● DATA EXTRACT:
########################################

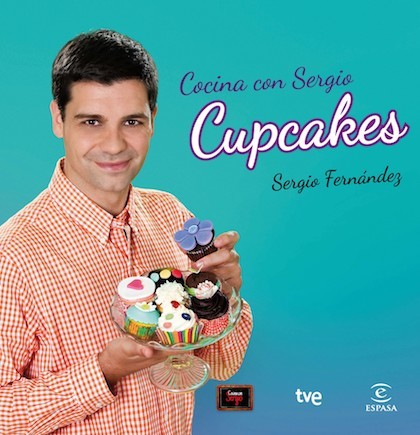 Portada de COCINA CON SERGIO CUPCAKES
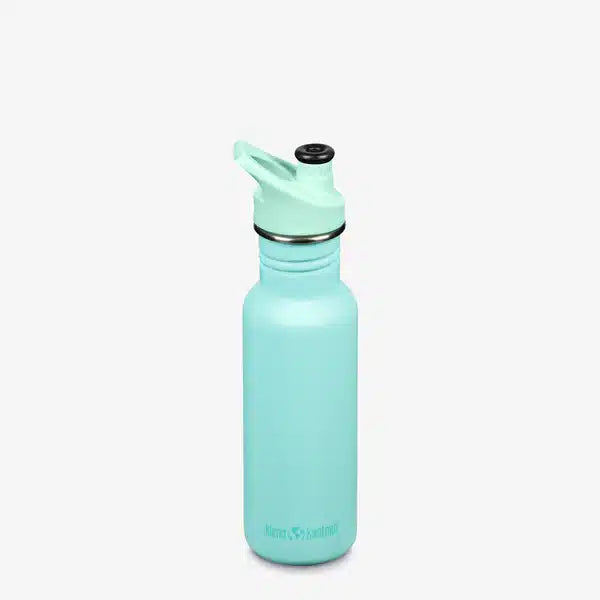 Klean kanteen - Classic Narrow 532ml (w Sport Cap) Pastel Turquoise
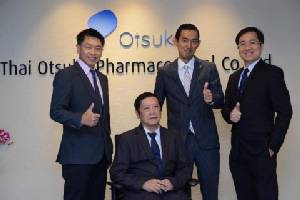 “ไทยโอซูก้า” ทุ่ม 650 ล้านผุดโรงงานผู้นำอาหารการแพทย์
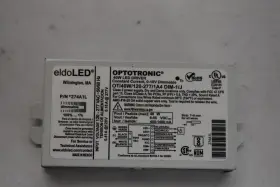 Oti40w Eldoled Oti40w/120-277/1a4 Dim-1/j Optotronic 40w Led Driver Dimmable Wiring Kit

########################################

● WHAT THE TASK REQUIRES: Restate the data exactly, though only from the line that contains "Klean kanteen - Classic" through its last line, both ends included and with the pictures left out.

● SOLUTION:
 Klean kanteen - Classic Narrow 532ml (w Sport Cap) Pastel Turquoise
 “ไทยโอซูก้า” ทุ่ม 650 ล้านผุดโรงงานผู้นำอาหารการแพทย์
 Oti40w Eldoled Oti40w/120-277/1a4 Dim-1/j Optotronic 40w Led Driver Dimmable Wiring Kit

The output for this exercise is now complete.